Absolument, nous n’avons eu de cesse de travailler aux côtés du ministère du Commerce durant ces dernières semaines. Mais, depuis la naissance de cet imbroglio politique après les élections du 28 novembre, les départements ministériels ont quasiment disparu. Chaque responsable de l’administration publique est resté terré chez lui. Eu égard à la situation assez lourde, nous n’avons eu aucun interlocuteur avec qui discuter pour faire des propositions.

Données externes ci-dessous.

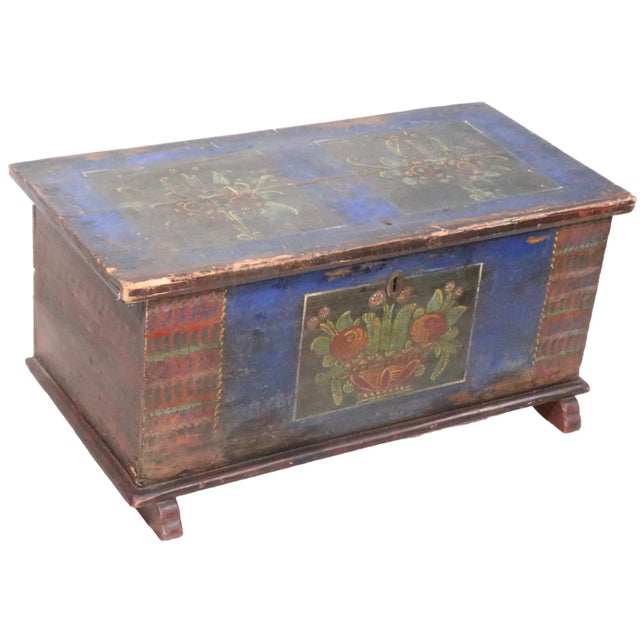 19th C Painted Swedish Wood Box For Sale - Image 9 of 12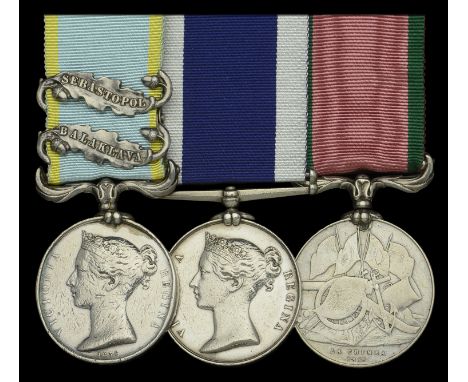 Three: Sergeant J. Kemp, Royal Marines   Crimea 1854-56, 2 clasps, Balaklava, Sebastopol (J. K    ergt. R.M. H.M.S. Agamem  )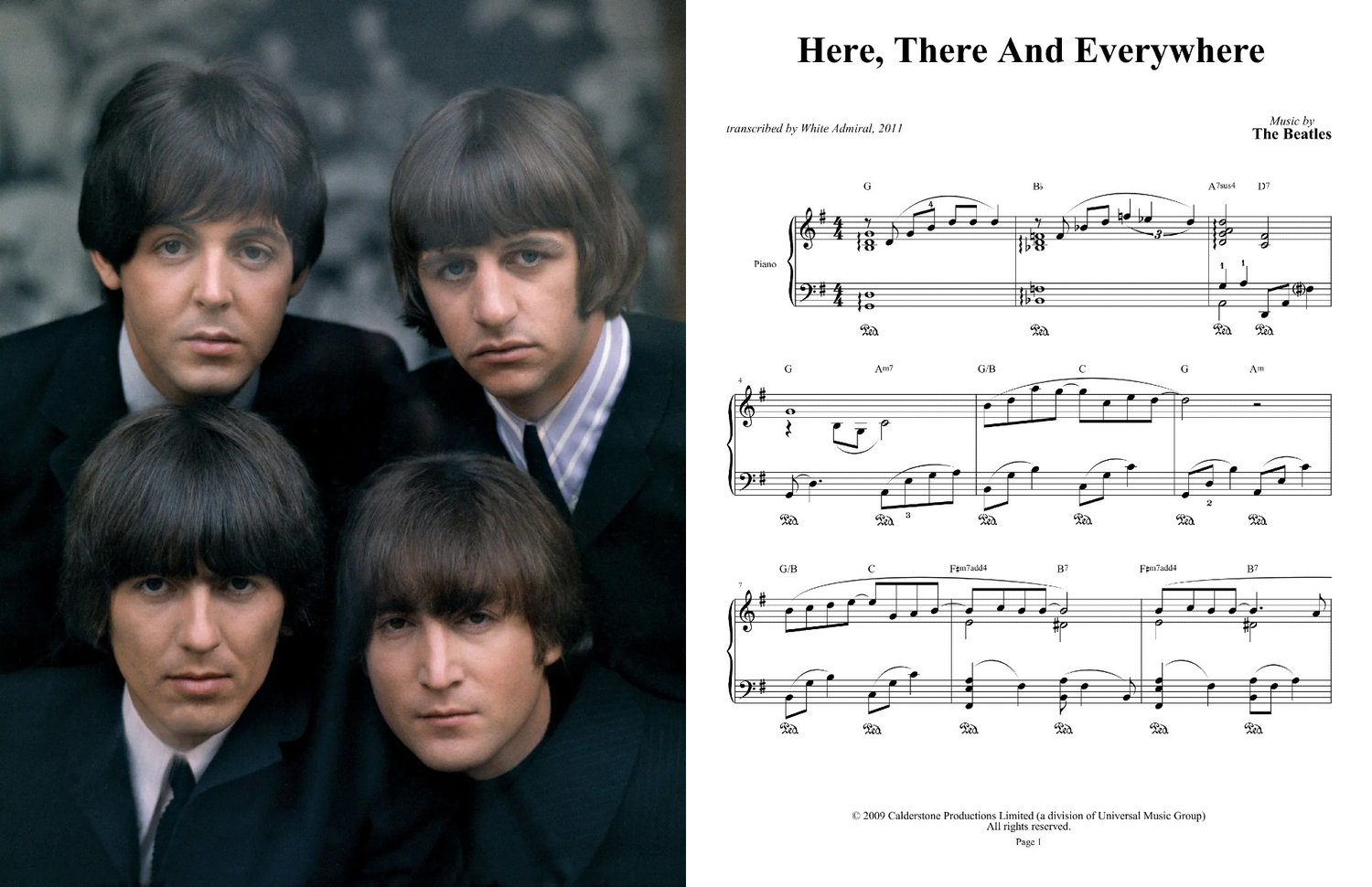 The Beatles Here, There And Everywhere Script Heart Song Lyric
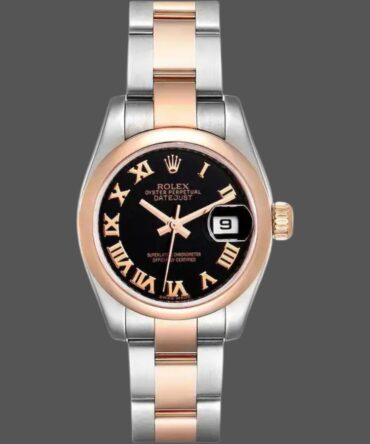 Rolex Datejust 179161 Stainless Steel and Everose Gold Black Roman Dial 26MM Lady Replica Watch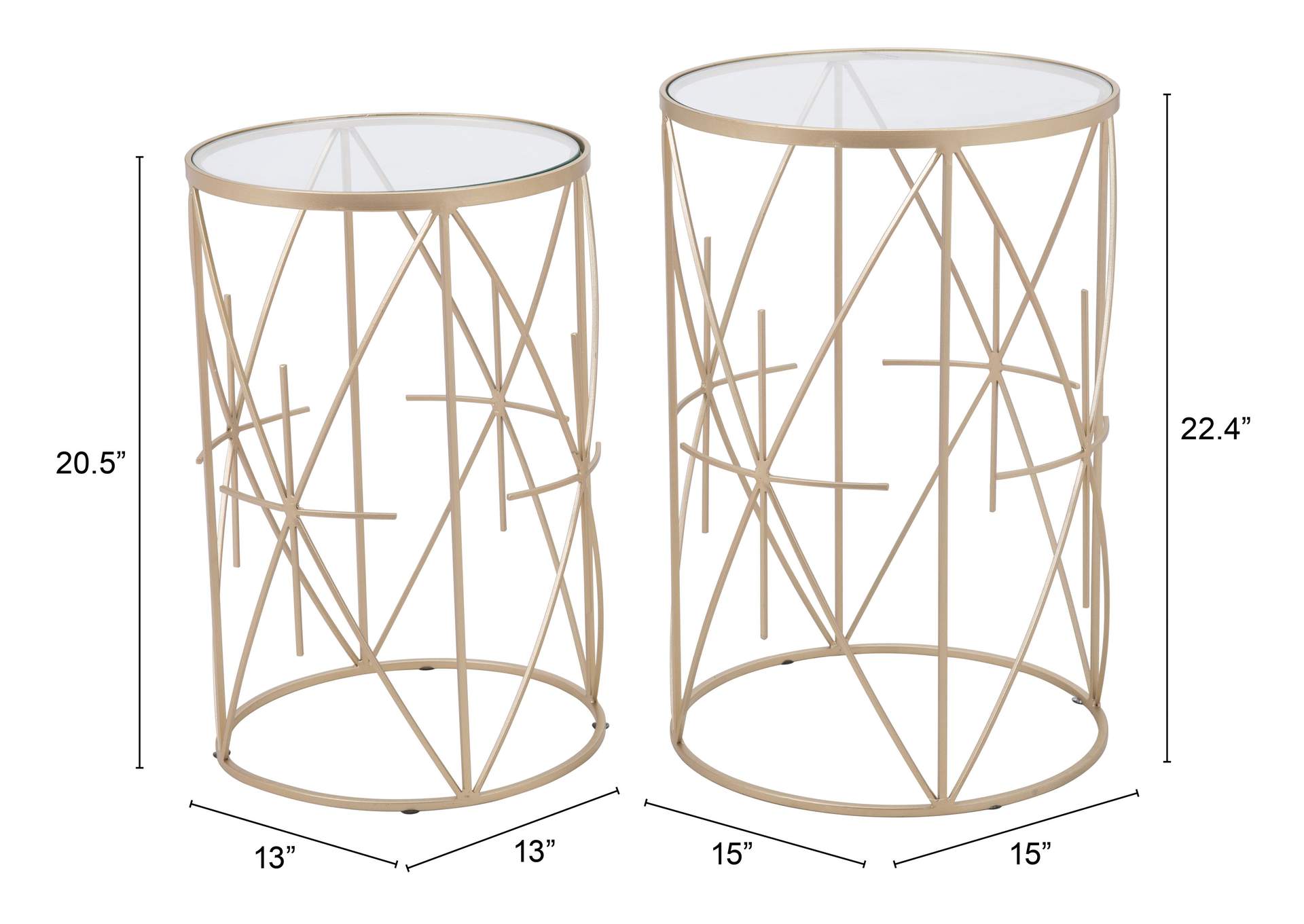Set Of 2 Hadrian Side Tables Gold,Zuo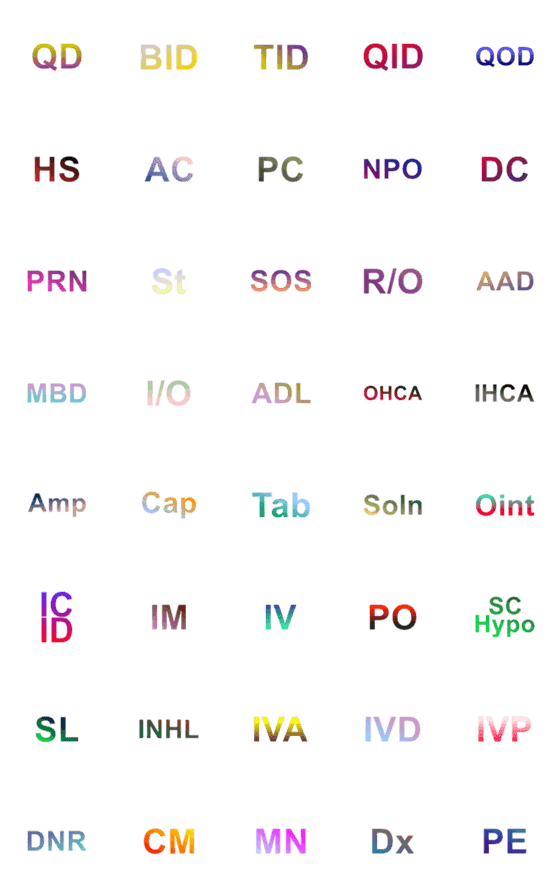 [LINE絵文字]Commonly medical abbreviationsの画像一覧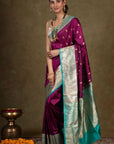 Plum Majesty Banarasi Katan Silk Saree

Nous avons espoir que tout rentrera bientôt dans l’ordre avec un président et un gouvernement acceptés de tous et qui travailleront pour le bonheur des populations.

Qu’est-ce que vous attendez finalement des différents acteurs économiques et surtout politiques?

En ce qui concerne les industriels, les grossistes et les détaillants, nous leur demandons de mettre fin à la rétention des produits pour éviter la pénurie et de jouer franc-jeu dans la pratique du commerce au niveau national. Quant aux gouvernants, nous leur demandons d’assurer leur devoir et leur obligation. Il peut ne pas y avoir de gouvernement mais, les départements ministériels demeurent et les responsables de l’administration sont en place. Chacun doit jouer son rôle jusqu’à ce qu’on revienne à la normalité. Puisque la situation des ménages se dégrade chaque jour.